The ransomware has already attacked five different organizations globally and has earned the honor of the first latest enterprise ransomware of 2021. The attackers of Babuk Locker are targeting corporate networks mostly.
What is Ransomware?
Ransomware is one kind of malware that encrypts the victim’s files. Then the attacker demands money for giving back access to the victim’s data. The victim pays and gets the unique description key and thus access to the file.
The attackers attack organizations depending on what ransom they can offer and sometimes based on opportunity. Healthcare and education-based organizations are major targets as they have a humongous amount of vulnerable data. Government agencies and law firms are their tempting targets as these are highly sensitive to their data.
Symptoms and Effect
Ransomware can enter one’s system using various methods, the most common is phishing spam. Attachments come to the user’s email faking as important. The moment they are downloaded and opened by the user, they attack the user’s computer. There are various things that the malware can do after taking over the user’s system but so far encrypting the user’s vulnerable data and files is the most frequent action.

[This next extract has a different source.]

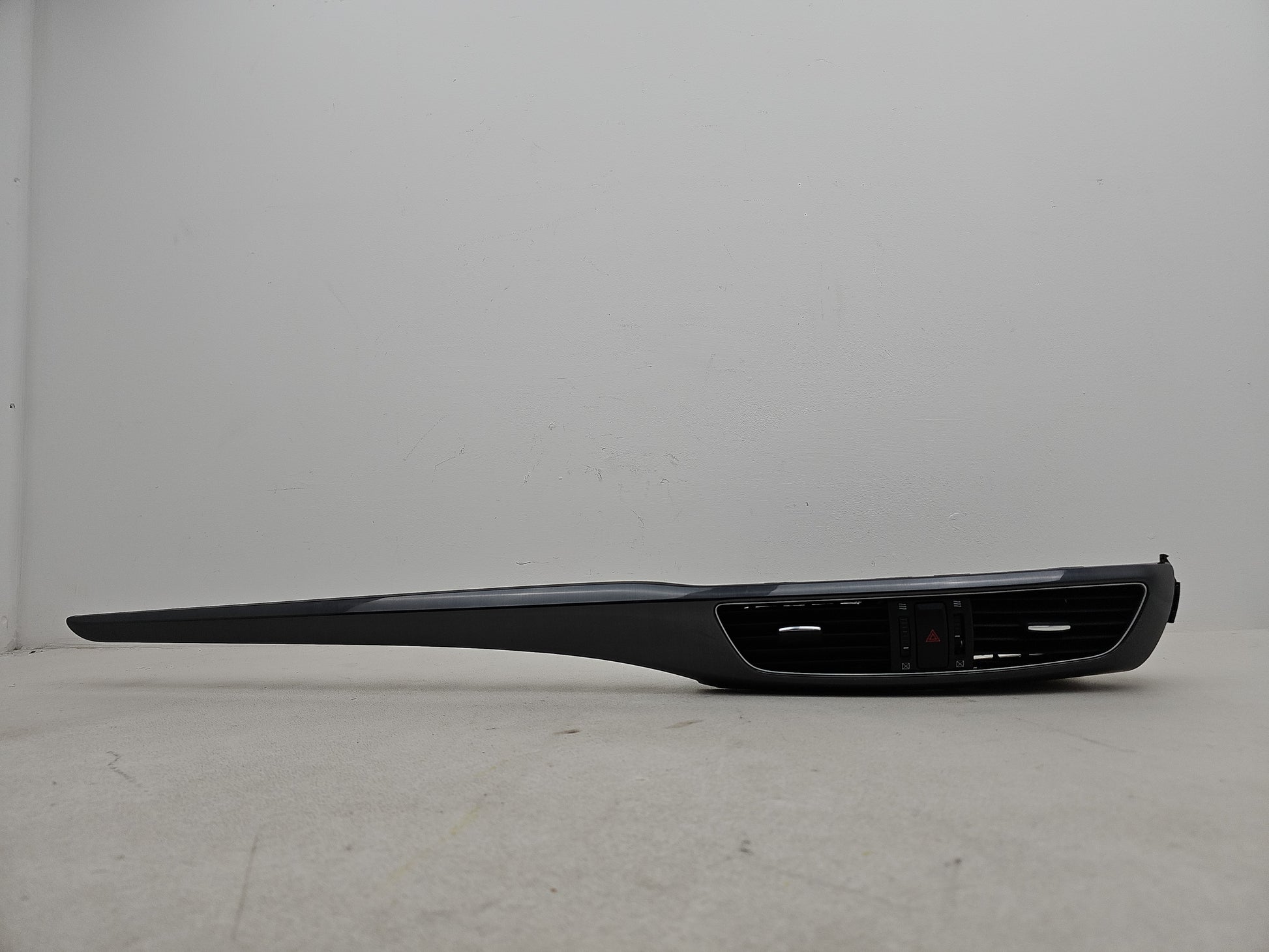 Dashboard Trim With Air Vent  3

What’s special about Babuk Locker?
Babuk is pretty much enhanced and has better functionality and techniques. Chuong Dong (Student Security Researcher) found out that the ransomware arrives with a long-coded list of actions and services to be done before it starts encryption. It closes down the VSS (Volume Shadow Copy Service) offered by Windows which automatically creates a backup of files and folders which are open and in use. This ensures that the victim cannot restore its data without the description key that the attacker has to offer. It also destroys the Windows Restart Manager and uses enhanced techniques like multi-threading encryption. It also uses advanced mechanism algorithms such as the Elliptic-Curve Diffie-Hellman algorithm.
Threats similar to Babuk
- Similar to Babuk, LockBit, Conti, and Death Ransom does not allow the user from recovering the files that have been attacked by
using VSS (Volume Shadow Copy Service).
- Conti and REvil have also been observed to engage the Windows Restart Manager to attack the services that use the information.
Preventing threat of Ransomware like Babuk Locker
One can adopt the following defensive techniques to defend against this infamous malware:
- Keeping the Operating System up to date helps a great deal.
- Installation of Antivirus software is a must. It detects and warns of the presence of any malicious program.
- Installing the whitelisting software helps as it does not permit access to any unauthorized program for execution.
- Organizations should encrypt their data and also safeguard their encryption ids.
- Last but not the least, frequent and automatic backup of files and folders.